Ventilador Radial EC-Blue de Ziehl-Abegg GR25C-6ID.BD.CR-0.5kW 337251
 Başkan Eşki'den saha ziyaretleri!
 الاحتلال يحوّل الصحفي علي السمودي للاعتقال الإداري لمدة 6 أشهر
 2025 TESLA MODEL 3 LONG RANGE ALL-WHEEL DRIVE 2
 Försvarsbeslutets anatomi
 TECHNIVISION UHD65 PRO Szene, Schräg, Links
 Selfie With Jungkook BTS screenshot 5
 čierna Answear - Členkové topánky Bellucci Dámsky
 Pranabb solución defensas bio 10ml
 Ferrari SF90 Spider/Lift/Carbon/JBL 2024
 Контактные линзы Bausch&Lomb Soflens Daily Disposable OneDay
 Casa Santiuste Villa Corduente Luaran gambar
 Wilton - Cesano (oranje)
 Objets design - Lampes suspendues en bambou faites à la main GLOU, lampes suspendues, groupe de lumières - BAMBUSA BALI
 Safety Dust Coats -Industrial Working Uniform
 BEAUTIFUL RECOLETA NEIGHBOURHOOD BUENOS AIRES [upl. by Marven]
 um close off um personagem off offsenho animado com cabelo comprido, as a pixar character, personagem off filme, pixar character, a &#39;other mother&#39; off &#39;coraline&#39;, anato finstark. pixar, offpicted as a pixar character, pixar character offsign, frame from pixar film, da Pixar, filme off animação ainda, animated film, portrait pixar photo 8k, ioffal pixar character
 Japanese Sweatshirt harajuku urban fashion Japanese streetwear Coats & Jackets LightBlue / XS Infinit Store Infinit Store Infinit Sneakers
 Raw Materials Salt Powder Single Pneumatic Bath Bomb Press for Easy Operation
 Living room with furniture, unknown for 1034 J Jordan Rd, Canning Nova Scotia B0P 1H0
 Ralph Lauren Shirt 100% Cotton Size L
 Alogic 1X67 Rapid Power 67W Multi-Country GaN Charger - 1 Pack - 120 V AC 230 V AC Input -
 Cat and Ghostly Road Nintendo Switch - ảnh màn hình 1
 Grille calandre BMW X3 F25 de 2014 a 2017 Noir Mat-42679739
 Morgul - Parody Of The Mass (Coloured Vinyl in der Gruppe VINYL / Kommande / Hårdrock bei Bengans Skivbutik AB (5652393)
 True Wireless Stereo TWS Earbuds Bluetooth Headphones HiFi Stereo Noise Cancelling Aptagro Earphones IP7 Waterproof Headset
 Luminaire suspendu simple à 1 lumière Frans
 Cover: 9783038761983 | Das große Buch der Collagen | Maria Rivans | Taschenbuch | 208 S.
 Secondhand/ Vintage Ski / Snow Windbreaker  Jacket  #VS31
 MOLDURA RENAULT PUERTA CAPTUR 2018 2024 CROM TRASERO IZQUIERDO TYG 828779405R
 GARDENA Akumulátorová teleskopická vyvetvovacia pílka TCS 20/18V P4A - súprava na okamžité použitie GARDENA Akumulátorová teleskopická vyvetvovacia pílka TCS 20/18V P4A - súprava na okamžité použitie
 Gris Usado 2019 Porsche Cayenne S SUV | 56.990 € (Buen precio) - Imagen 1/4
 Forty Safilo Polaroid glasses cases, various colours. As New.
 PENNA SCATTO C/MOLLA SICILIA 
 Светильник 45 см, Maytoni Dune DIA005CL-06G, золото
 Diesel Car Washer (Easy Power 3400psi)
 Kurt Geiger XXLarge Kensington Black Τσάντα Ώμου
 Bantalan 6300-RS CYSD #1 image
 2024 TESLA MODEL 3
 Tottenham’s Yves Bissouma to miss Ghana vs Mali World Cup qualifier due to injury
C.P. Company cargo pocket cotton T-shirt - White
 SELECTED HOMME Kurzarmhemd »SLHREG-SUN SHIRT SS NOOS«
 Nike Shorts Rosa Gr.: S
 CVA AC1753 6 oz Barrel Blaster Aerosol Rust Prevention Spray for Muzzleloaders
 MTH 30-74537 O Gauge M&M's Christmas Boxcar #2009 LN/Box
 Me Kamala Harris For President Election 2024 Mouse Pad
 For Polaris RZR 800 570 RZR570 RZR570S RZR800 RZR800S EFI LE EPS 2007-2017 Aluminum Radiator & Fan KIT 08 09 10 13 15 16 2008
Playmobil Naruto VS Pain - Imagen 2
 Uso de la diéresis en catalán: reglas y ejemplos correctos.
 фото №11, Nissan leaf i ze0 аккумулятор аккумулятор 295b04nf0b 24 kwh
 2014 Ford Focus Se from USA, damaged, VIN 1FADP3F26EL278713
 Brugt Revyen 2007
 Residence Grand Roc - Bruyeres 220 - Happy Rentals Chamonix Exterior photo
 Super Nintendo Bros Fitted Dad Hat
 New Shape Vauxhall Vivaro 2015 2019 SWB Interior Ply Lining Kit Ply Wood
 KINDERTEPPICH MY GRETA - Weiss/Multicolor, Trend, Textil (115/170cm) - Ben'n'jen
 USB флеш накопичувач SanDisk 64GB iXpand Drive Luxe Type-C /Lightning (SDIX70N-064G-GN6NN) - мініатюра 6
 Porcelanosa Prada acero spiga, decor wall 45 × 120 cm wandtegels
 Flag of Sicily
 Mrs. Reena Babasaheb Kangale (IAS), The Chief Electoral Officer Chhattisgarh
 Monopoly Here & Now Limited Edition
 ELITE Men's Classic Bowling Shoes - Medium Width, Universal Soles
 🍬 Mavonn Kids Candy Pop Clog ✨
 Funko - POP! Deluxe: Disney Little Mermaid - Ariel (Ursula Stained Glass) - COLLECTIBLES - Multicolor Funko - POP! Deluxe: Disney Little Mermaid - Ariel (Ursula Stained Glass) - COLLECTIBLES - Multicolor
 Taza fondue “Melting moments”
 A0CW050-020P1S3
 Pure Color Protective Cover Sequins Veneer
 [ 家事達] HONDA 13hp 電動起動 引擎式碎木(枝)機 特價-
---
== To do ==
There is a run of lines above from the one with "Japanese Sweatshirt harajuku" to the one with "Cover: 9783038761983 |"; print exactly that run, both ends included, and nothing else.

== Task response ==
 Japanese Sweatshirt harajuku urban fashion Japanese streetwear Coats & Jackets LightBlue / XS Infinit Store Infinit Store Infinit Sneakers
 Raw Materials Salt Powder Single Pneumatic Bath Bomb Press for Easy Operation
 Living room with furniture, unknown for 1034 J Jordan Rd, Canning Nova Scotia B0P 1H0
 Ralph Lauren Shirt 100% Cotton Size L
 Alogic 1X67 Rapid Power 67W Multi-Country GaN Charger - 1 Pack - 120 V AC 230 V AC Input -
 Cat and Ghostly Road Nintendo Switch - ảnh màn hình 1
 Grille calandre BMW X3 F25 de 2014 a 2017 Noir Mat-42679739
 Morgul - Parody Of The Mass (Coloured Vinyl in der Gruppe VINYL / Kommande / Hårdrock bei Bengans Skivbutik AB (5652393)
 True Wireless Stereo TWS Earbuds Bluetooth Headphones HiFi Stereo Noise Cancelling Aptagro Earphones IP7 Waterproof Headset
 Luminaire suspendu simple à 1 lumière Frans
 Cover: 9783038761983 | Das große Buch der Collagen | Maria Rivans | Taschenbuch | 208 S.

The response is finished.